Students charged with hacking JCPS computer system
Students charged with hacking JCPS computer system



http://www.wave3.com/Global/story.asp?S=7509176 

By Scott Harvey
WAVE 3 TV
December 17, 2007

Louisville - Two local high school students and a former student are in 
trouble after authorities say they hacked into the school's computer 
system. It happened back in October at Manual High School. In a story 
you will read only on wave3.com, Investigator Scott Harvey explains the 
students were doing more than just changing grades.

School officials say they were smart kids, doing smart things.

"We are trying to determine how they did it," said Cary Petersen, JCPS's 
executive director of Information Technology. "What was the damage they 
did? And trying to correct everything as quickly as possible.

The two seniors and one former student could face some stiff penalties 
for breaking into the JCPS computer system. School officials tell WAVE 3 
News they don't know how long the students had been altering grades and 
attendance records, but eventually that's what got them caught.

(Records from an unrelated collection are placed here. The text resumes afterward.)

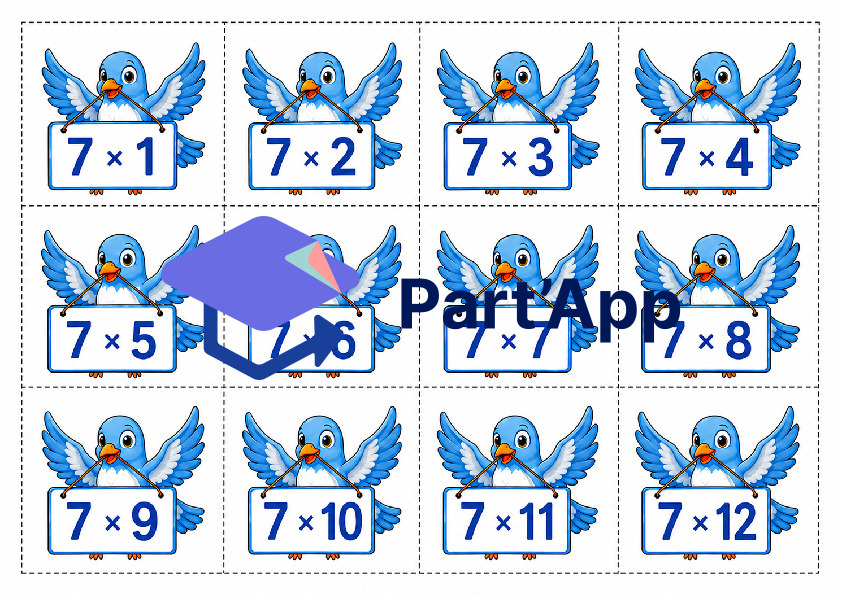 Printable Math Practice Cards_8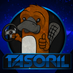 Tasoril (@Tasoril) Twitter profile photo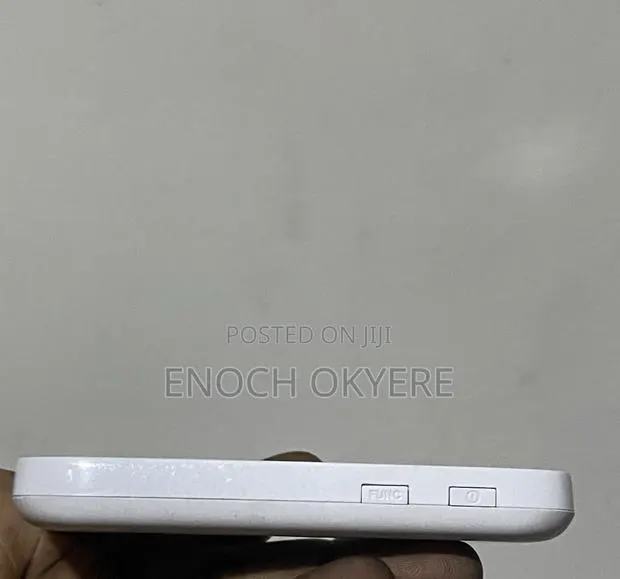 DNA-Mokkula 2GHz 5GHz Mobile Mifi · Photo 4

"The attendance clerk at the school noticed what she had put in from one 
day was missing from the next," Petersen said.

School officials say they didn't stop with just the illegal extra 
credit.

"They created their own website," Petersen explained.

He said the alleged hackers also broke into individual teacher's 
computers and created a website -- www.ilovekeepers.com. The site is 
named after Manual's principal, Dr. Beverly Keepers. Officials say the 
group posted tests and quizzes, along with the answers that went with 
them.

We checked the website. Now when you log on it simply says, "If you are 
looking for the infamous site everyone is talking about -- sorry. Check 
back later for more appropriate content."

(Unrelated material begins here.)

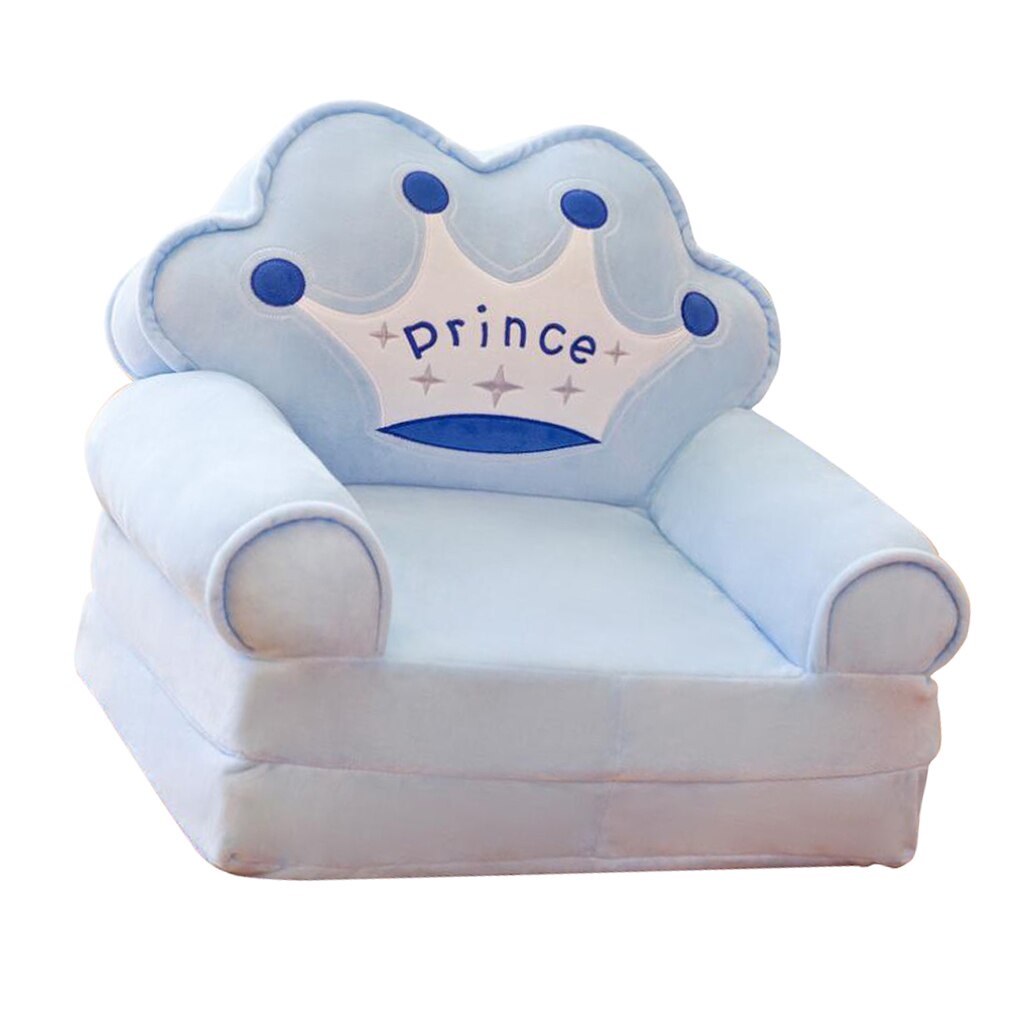 Baby hotsell sofa flipkart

Petersen also told me the students worked at a computer parts store, 
which gave them access to equipment that students don't normally have.

"We believe there was a device that was put on the system itself," he 
explained. "It allowed them to get in the door. Once they got in the 
door, it was ollie ollie oxen free.  They could go anywhere they wanted 
to."

But school officials don't have the answer they really want -- why they 
did it.

"I think it was, for more or less, for show," Petersen said. "You know, 
'look what I can do.'"

According to the JCPS Code of Conduct, the students have been suspended 
with a recommendation for alternative placement. If the school decides 
to press charges and if convicted, school officials say the students 
could face jail time.

Petersen says the students are now working with school computer 
technicians to help improve the website's security.